What you should do
Pictures are to be omitted; everything else in the data must be transcribed exactly.

Supplied material
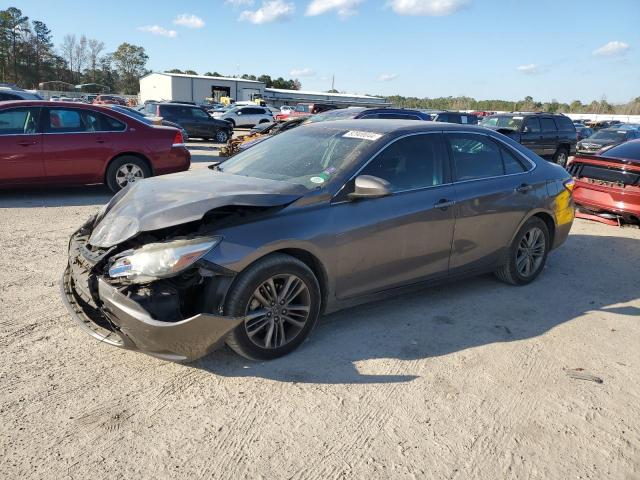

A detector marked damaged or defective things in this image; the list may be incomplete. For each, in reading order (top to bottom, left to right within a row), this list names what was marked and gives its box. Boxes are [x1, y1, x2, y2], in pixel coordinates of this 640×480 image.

exposed front wheel [105, 157, 151, 192]
broken headlight housing [108, 237, 222, 284]
damaged hood [89, 170, 306, 248]
damaged gray sedan [62, 120, 576, 360]
exposed front wheel [496, 217, 552, 284]
exposed front wheel [552, 146, 568, 167]
crushed front bumper [60, 240, 245, 360]
exposed front wheel [228, 255, 322, 360]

Task result
A detector marked damaged or defective things in this image; the list may be incomplete. For each, in reading order (top to bottom, left to right within a row), this list names what was marked and gives its box. Boxes are [x1, y1, x2, y2], in pixel coordinates of this 640×480 image.

exposed front wheel [105, 157, 151, 192]
broken headlight housing [108, 237, 222, 284]
damaged hood [89, 170, 306, 248]
damaged gray sedan [62, 120, 576, 360]
exposed front wheel [496, 217, 552, 284]
exposed front wheel [552, 146, 568, 167]
crushed front bumper [60, 240, 245, 360]
exposed front wheel [228, 255, 322, 360]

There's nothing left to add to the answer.